Des heures de pluie et d'attente
Des pas sans traces que la rosée trempe
Ce secret espoir, le doigt sur la détente
Quand il faudra tirer, qu'il n'ait pas de crampe

Avancer sans cesse, ignorer la fatigue
Avec l'espoir au bout, de poser mon fardeau
En permission, on se gavera de figues
Plutôt que de prendre un pruneau.

Ramper sous les barbelés
Sans me faire écharper
Traverser une pluie de balles
Sans qu’elle me soit fatale

Marcher interminablement sur ce chemin
Fermer les yeux et te tenir la main
Se souvenir de ma promesse de revenir vite
Tout faire pour que la mort m'évite

Rêver de rentrer et de te serrer
Contre moi, sentir battre ton cœur
Mais dans la boue et noyé de sueur
Saisi de froid, j'entends les balles siffler

Colle moi des baisers comme des rustines
Pour m'empêcher de crever
Que mon souffle lentement se débine
Quand ma peau, de trous rouges sera percée

Alors que mes points noirs
Ne l'ont pas encore quittée
La vie, eau précieuse donne moi espoir
En arrêtant de me plaquer.

Entre quatre planches
La sombre dame me tire par la manche
Me promettant des ailes du plus beau des blancs
En me surinant sournoisement le flanc

Je me méfie des agences de voyage
Qui vous promettent le paradis
Et je crois qu'il est plus sage
Au lieu d'un aller simple, de rester ici

Ce n'est pas qu'elle y soit belle, ma vie
Mais c'est moi qui décide de quoi en faire
Même si, parti comme c'est parti
Ça tend bien d'être un enfer, cette guerre.

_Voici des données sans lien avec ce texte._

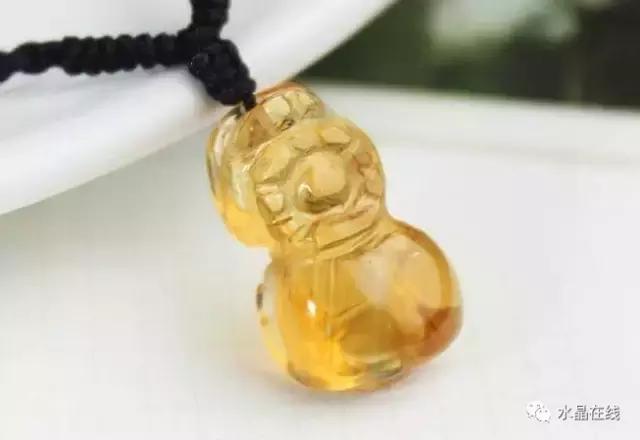 怎么判断黄水晶吊牌真假,如何辨别真假黄水晶能量柱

Des tranchées aux saignées,
Les veines dans la forêt
Nous insufflent notre air
Est-ce pour cela que se sont battus nos pères ?

Un éternel recommencement
Les sillons creusés depuis tout ce temps
Doivent-ils toujours s’emplir du sang
De leurs fils devenus grands ?

Pantins désarticulés
Dont les corps moribonds
Jonchent le sol, fauchés
Dans cette funeste moisson

Leurs fils vitaux coupés
Par la mitraille ou le canon
Reliefs du combat inanimés
La harpe de leur vie n’a plus de son.